Experimental Technique: Fabrication of tandem perovskite/silicon solar cells. Evaluation of silicon surface topography on tandem device performance. Spin-coating and hybrid thermal evaporation-spin coating processes for perovskite layer deposition.
Experiment Description: The project focused on elaborating tandem solar cells based on Silicon/Perovskite architecture. It investigated the impact of Si topography on Silicon/Perovskite tandem devices performance, comparing flat and textured Si bottom cells. Different processes, including spin-coating and hybrid methods, were used for perovskite deposition on these cells.
Type Samples: Tandem solar cells with Silicon/Perovskite absorbers.
Sample Description: Samples with different Si surface topographies, including chemically polished (CMP) and textured Si bottom cells with varying sizes of pyramids.
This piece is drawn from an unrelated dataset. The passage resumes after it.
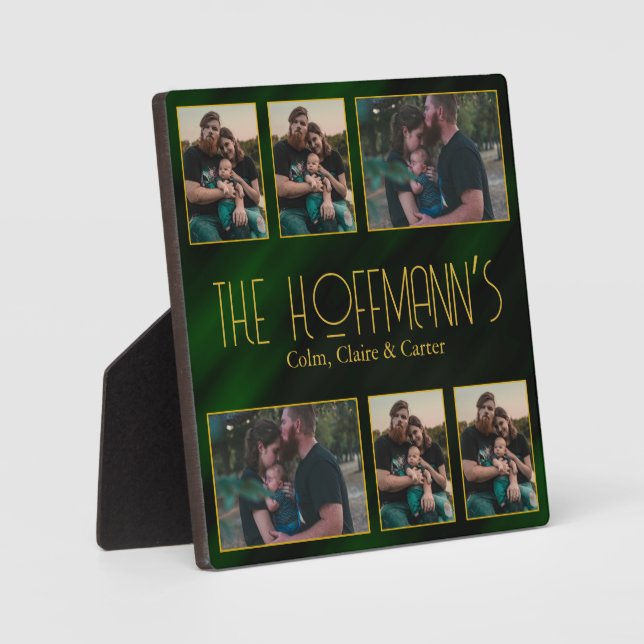 Plaque Photo Cadres élégants émeraude vert or 6 Photo de famill (Recto)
Experiment Data Type: Photovoltaic properties (open-circuit voltage, current density, fill factor, and power conversion efficiency). External quantum efficiency data.
Characterization Technics: SEM for structural analysis. J-V measurements for photovoltaic properties. EQE measurements for spectral response.
Characterization Data Type: SEM images showing cross-section and surface of textured Si bottom cells. Photovoltaic parameters of tandem devices. EQE spectra of Si/Perovskite tandem devices.
Analyzed Data: Comparison of tandem solar cells performance based on different Si bottom cell topographies and perovskite deposition methods. Analysis of current mismatch and its impact on the photovoltaic performance.
Main Targets Project: Elaborating efficient Si/Perovskite tandem solar cells with industrially compatible Si surface texturization. Investigating the impact of Si topography on tandem device performance.
Main Achievements Findings: Higher open-circuit voltage observed in solar cells with textured silicon bottom cells and perovskite film deposited by the hybrid method. Best power conversion efficiency of 27.3% achieved using textured Si bottom cell. Current mismatch between the top and bottom cells leading to lower fill factor values in tandem solar cells with textured Si bottom cells. Recognition of the need to optimize the interface and layer properties for enhanced tandem cell performance.